Je me redressai sur mes jambes malgré la terreur. Je savais ce qu’ils faisaient : ils voulaient me faire vaciller, me pousser à avouer une faute déjà décidée. La peur n’avait jamais servi à révéler la vérité, seulement à imposer celle qui arrange. C’était une arme aussi tranchante que la haine, et tout aussi simple à enfoncer dans le cœur des gens.
À peine redressée, j’entendis les murmures s’éteindre, la foule s’apaiser. Une silhouette glissait dans l’ombre du fond de la pièce, sans un bruit, mais sa simple présence avait balayé la haine qui m’était destinée. Je reconnus sa voix avant même de l’apercevoir.
Mon sauveur venait d’arriver.
— Pardonnez mon retard, chers confrères, mais aucun de vous n’a daigné se présenter à la réunion censée discuter de cette affaire.
—Nous ne sommes pas venus, car il n'y avait rien à discuter, Sofidios. Les preuves sont là, et elles sont indéniables.

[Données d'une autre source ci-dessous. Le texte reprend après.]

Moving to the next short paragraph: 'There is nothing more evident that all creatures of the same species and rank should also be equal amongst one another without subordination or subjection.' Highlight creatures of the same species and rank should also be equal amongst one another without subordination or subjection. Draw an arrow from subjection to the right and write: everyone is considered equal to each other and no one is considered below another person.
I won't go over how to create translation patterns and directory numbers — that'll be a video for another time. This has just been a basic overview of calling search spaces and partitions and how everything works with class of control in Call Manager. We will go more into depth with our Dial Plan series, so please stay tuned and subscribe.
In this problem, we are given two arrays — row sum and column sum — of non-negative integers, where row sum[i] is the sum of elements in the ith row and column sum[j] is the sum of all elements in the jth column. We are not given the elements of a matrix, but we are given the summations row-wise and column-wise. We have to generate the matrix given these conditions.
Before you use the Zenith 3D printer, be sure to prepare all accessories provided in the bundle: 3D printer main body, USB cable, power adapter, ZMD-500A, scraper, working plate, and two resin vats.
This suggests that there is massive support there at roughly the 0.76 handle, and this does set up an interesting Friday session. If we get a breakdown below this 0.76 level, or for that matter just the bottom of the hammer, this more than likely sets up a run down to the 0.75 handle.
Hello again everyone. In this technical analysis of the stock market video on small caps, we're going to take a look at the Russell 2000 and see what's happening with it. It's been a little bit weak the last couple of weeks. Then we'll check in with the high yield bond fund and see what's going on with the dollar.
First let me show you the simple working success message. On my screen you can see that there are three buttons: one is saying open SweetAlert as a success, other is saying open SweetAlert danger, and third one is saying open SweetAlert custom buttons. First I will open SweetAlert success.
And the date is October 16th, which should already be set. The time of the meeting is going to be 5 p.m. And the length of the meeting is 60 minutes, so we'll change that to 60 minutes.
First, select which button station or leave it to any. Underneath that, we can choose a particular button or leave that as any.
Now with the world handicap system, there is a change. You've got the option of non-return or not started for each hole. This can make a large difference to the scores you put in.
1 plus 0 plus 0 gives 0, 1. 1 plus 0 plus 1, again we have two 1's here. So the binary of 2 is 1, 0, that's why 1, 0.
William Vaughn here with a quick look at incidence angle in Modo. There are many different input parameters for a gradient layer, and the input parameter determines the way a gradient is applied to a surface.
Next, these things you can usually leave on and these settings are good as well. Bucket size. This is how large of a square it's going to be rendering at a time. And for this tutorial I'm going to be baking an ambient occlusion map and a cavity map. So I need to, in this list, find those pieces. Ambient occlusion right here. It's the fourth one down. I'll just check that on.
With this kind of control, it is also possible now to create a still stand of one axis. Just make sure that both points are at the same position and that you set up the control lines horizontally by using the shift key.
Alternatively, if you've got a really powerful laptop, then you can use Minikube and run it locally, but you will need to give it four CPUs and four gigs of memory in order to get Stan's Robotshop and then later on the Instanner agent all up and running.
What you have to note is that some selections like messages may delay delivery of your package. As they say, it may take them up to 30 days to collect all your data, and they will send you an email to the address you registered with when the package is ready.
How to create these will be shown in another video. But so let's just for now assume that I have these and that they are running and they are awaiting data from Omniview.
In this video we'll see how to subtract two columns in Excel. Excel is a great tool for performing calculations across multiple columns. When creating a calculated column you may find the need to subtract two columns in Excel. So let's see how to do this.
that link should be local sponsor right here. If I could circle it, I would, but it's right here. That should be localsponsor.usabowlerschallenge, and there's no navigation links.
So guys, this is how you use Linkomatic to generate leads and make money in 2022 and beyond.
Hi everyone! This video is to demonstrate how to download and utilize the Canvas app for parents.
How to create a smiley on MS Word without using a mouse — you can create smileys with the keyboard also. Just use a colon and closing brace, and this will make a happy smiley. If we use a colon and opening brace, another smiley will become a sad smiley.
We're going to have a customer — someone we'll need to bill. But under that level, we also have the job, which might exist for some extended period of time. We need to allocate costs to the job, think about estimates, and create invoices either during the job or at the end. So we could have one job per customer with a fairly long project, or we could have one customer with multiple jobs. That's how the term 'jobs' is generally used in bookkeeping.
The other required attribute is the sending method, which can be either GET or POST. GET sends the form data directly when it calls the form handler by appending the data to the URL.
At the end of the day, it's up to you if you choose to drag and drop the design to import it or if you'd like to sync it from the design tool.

L'homme assis a la droite du centre de l'estrade parla avec un dédain manifeste envers mon professeur. En retirant sa capuche, il dévoila un visage marqué par la sauvagerie, un visage au pelage noir strié de blanc, où les dessins de guerre étaient peintes avec une précision presque rituelle. Les lignes blanches, tracées autour de ses yeux et de ses mâchoires, soulignées par des cicatrices ou son pelage manquait, accentuant la dureté de ses traits. Ses dents acérées, brillaient comme des lames de rasoir, prêtes à mordre, et ses petites oreilles rondes étaient repliées en arrière dans une posture aussi défensive qu’agressive. Il dégageait une énergie féroce, animale, il était le prédateur attendant sa proie.
Étrangement, je me retrouvai partagé entre la terreur qu'évoquait ce guerrier impitoyable, son regard perçant et cette aura menaçante d'un glouton tout juste sorti de la forêt, et… hum… "Je suis en train de me faire juger par le père de Wolverine ?"
Soudain, les autres retirèrent leur capuche, révélant des visages marqués par l’âge, l’expérience ou la guerre. Seule la silhouette parfaitement centrée sur l’estrade demeura cachée, dissimulée aux yeux de tous. Autour de moi, le brouhaha monta d’un cran alors que chacun se lançait dans son propre débat avec le glouton qui venait d’agresser mon mentor.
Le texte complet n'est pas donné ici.